Kegiatan ini dilaksanakan pada 2–3 Mei 2026 di Tanjung Kait, Kecamatan Mauk, Kabupaten Tangerang, dengan melibatkan 180 pekerja konstruksi yang terbagi ke dalam 18 tim. Masing-masing tim bertanggung jawab membangun 1 unit dapur, sehingga selama dua hari pelaksanaan, total 18 dapur berhasil dibangun untuk keluarga penerima manfaat di kawasan tersebut.
Dalam proses pembangunan, peserta berkompetisi pada lima bidang utama pekerjaan konstruksi, yaitu pembangunan dinding hebel, instalasi perpipaan air bersih dan air kotor, pemasangan rangka atap baja ringan, keramik lantai, serta pengecatan dinding. Seluruh proses kerja dinilai secara menyeluruh berdasarkan kualitas teknis pekerjaan, penerapan keselamatan dan kesehatan kerja (K3), ketepatan waktu penyelesaian, serta kualitas finishing dari hasil pembangunan.






Melalui kegiatan ini, Habitat for Humanity Indonesia tidak hanya mendorong peningkatan kompetensi tenaga kerja konstruksi, tetapi juga memperkuat penerapan standar bangunan yang aman, sehat, dan berkualitas.
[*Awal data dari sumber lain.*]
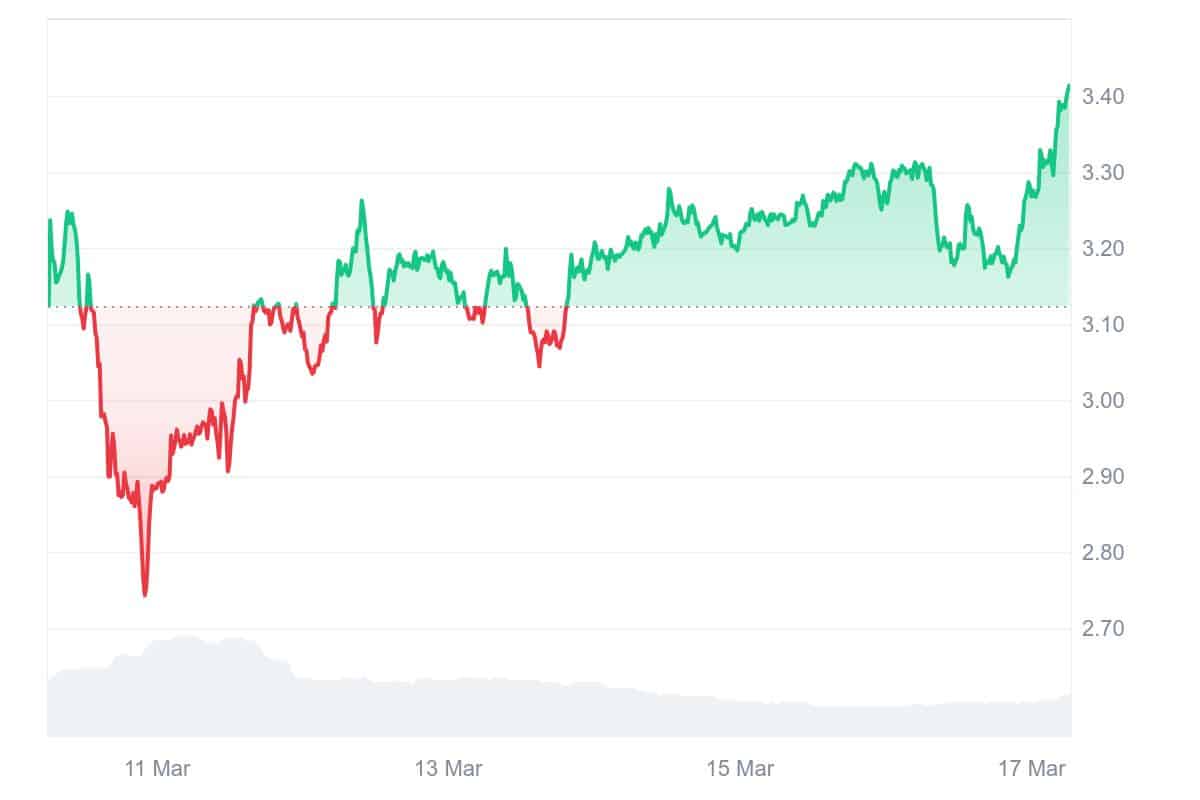 AXS Price Chart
Di saat yang sama, para peserta memperoleh pengalaman praktik yang dapat meningkatkan daya saing dan membuka peluang kerja yang lebih luas di masa depan.
“Ketika tenaga kerja konstruksi dibekali dengan keterampilan yang baik, memahami standar keselamatan kerja, dan memiliki kepercayaan diri atas kompetensinya, mereka tidak hanya siap terjun ke dunia konstruksi, tetapi juga siap membangun masa depan yang lebih baik bagi diri, keluarga, dan komunitasnya,” ujar Arwin Soelaksono selaku Program Director Habitat for Humanity Indonesia.
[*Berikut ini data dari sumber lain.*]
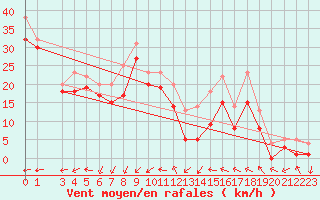 Courbe de la force du vent pour le bateau 5TMPANZ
Kompetisi ini menghadirkan dampak langsung bagi masyarakat Tanjung Kait melalui terbangunnya 18 dapur, yang diharapkan dapat meningkatkan kualitas hidup keluarga. Sebuah wujud nyata bahwa peningkatan keterampilan tenaga kerja dapat berjalan beriringan dengan pembangunan yang membawa perubahan positif bagi komunitas.